··· RECORDED DATA
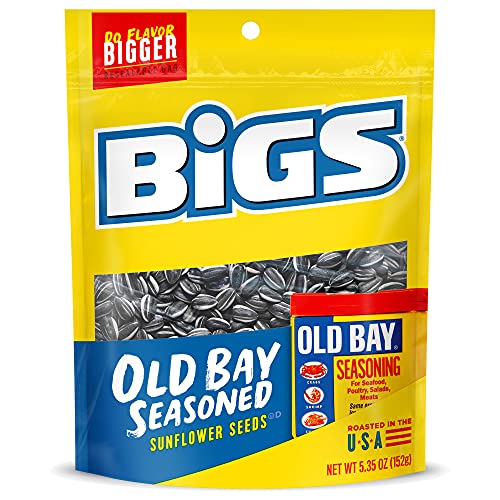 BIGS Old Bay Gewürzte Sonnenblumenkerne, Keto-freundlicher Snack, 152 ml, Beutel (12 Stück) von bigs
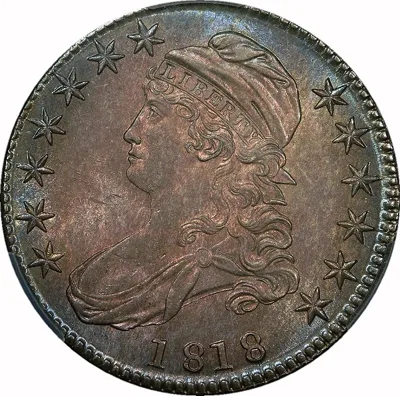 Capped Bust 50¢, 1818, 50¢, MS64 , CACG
······
··· RECORDED DATA
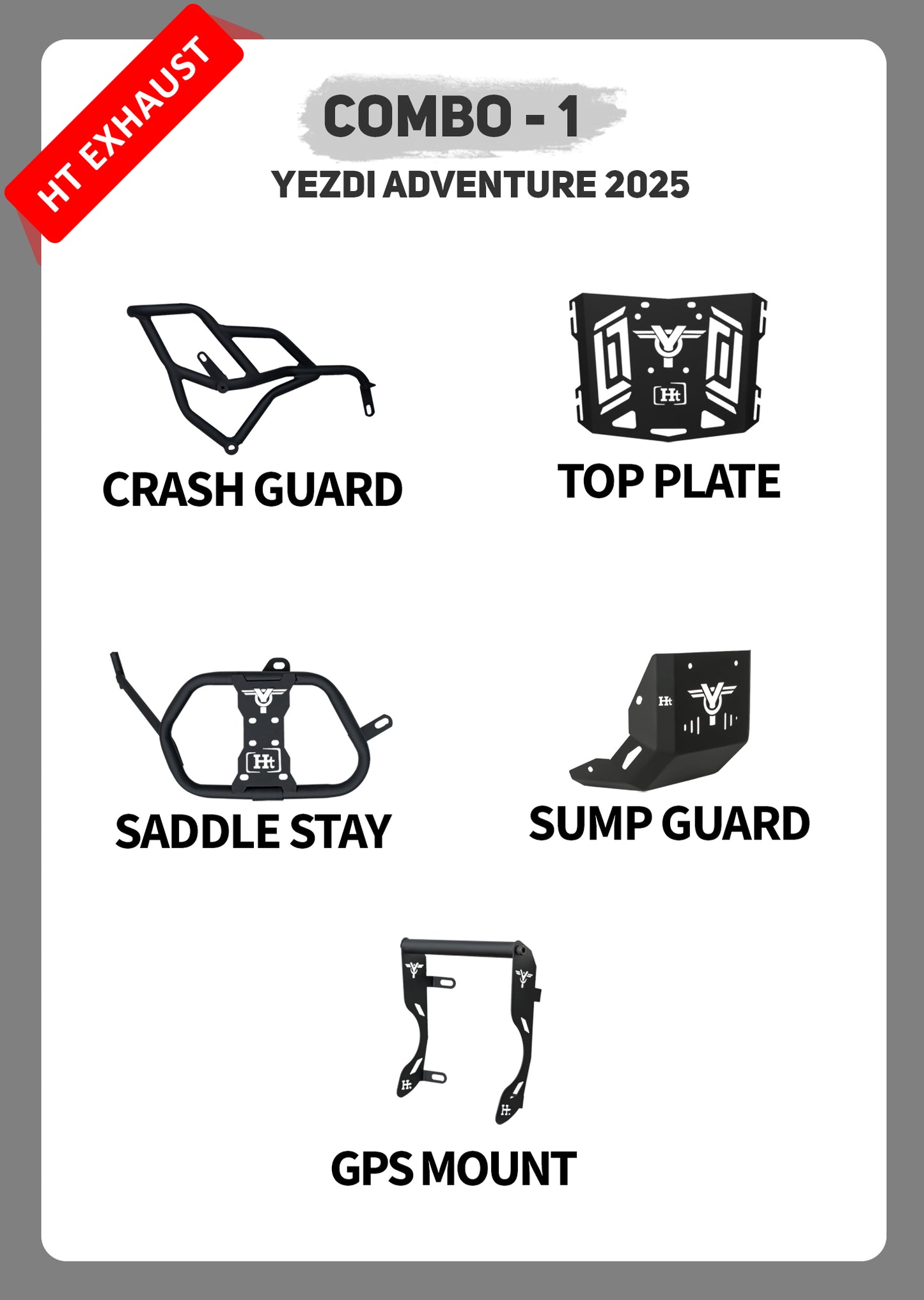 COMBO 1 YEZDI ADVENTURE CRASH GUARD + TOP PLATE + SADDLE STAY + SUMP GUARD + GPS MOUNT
······
··· RECORDED DATA
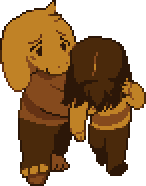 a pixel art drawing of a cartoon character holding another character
······
**WORK INSTRUCTION**
Pictures excluded, transcribe the listing above exactly from the line with "BIGS Old Bay" through the line with "Capped Bust 50¢, 1818, 50¢, MS64 , CACG", and no further.

**WRITTEN ANSWER**
 BIGS Old Bay Gewürzte Sonnenblumenkerne, Keto-freundlicher Snack, 152 ml, Beutel (12 Stück) von bigs
 Capped Bust 50¢, 1818, 50¢, MS64 , CACG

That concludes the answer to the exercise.